WASHINGTON - US commanders may send an additional 2,500 troops to fend off the Taliban in northern Afghanistan, a region that had been relatively peaceful until recently, a defense official said Friday.

US officers were conferring with German commanders leading Regional Command North about shifting some the forces in a US troop buildup to the north instead of the south, the official told AFP.

The "tentative" plan was for roughly 2,500 American troops, including trainers for Afghan security forces, to deploy to the north, said the official, who spoke on condition of anonymity.

President Barack Obama approved the deployment of 30,000 additional troops in December to turn the war around, and most of the 10,000 that have arrived so far have been sent to the volatile south, the spiritual heartland of the Taliban insurgency.

Plans for a possible shift of forces emerged after a senior German general said the NATO-led force was planning an offensive in the northern Kunduz province.

General Bruno Kasdorf, chief of staff of the NATO-led International Security and Assistance Force, told German ARD public radio Thursday the operation would be "similar" to the offensive currently underway in the southern province of Helmand involving 15,000 US, NATO and Afghan troops.

Compared to the south, violence is still relatively low in the north, but Taliban forces have stepped up attacks in the area in recent months and tried to disrupt vital NATO supply routes from neighboring Uzbekistan that run through Kunduz, officials said.

Another defense official said the Taliban, which has its roots in the Pashtun community, is seeking to expand its reach across the country and tended "to focus on the Pashtun pockets in the north."

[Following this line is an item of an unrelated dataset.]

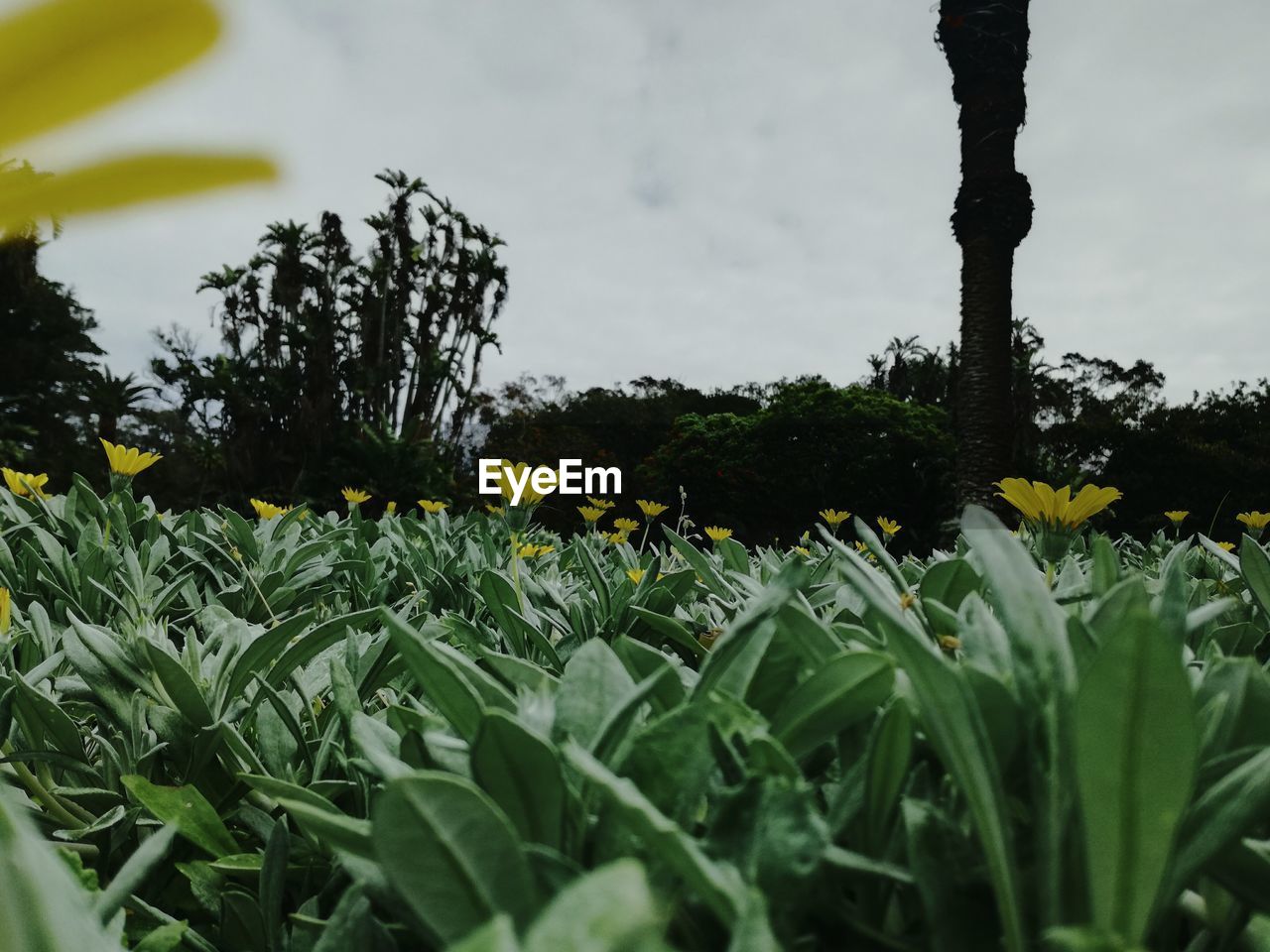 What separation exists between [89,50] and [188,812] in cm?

But he said the center of gravity in the war, for the insurgents and for NATO-led forces, remained in the south, where US reinforcements have poured in since Obama ordered the surge of American forces.

Germany has around 4,300 troops in Afghanistan, the third-largest contingent after the United States and Britain.

General Stanley McChrystal, the top commander of US and NATO troops in Afghanistan, told reporters this week that German forces in the northern city of Mazar-e-Sharif were concentrating their efforts on Baghlan and Kunduz "as well as a number of other areas across the north."

He said security was better than in the south but that "effective and focused operations" were still required in the area.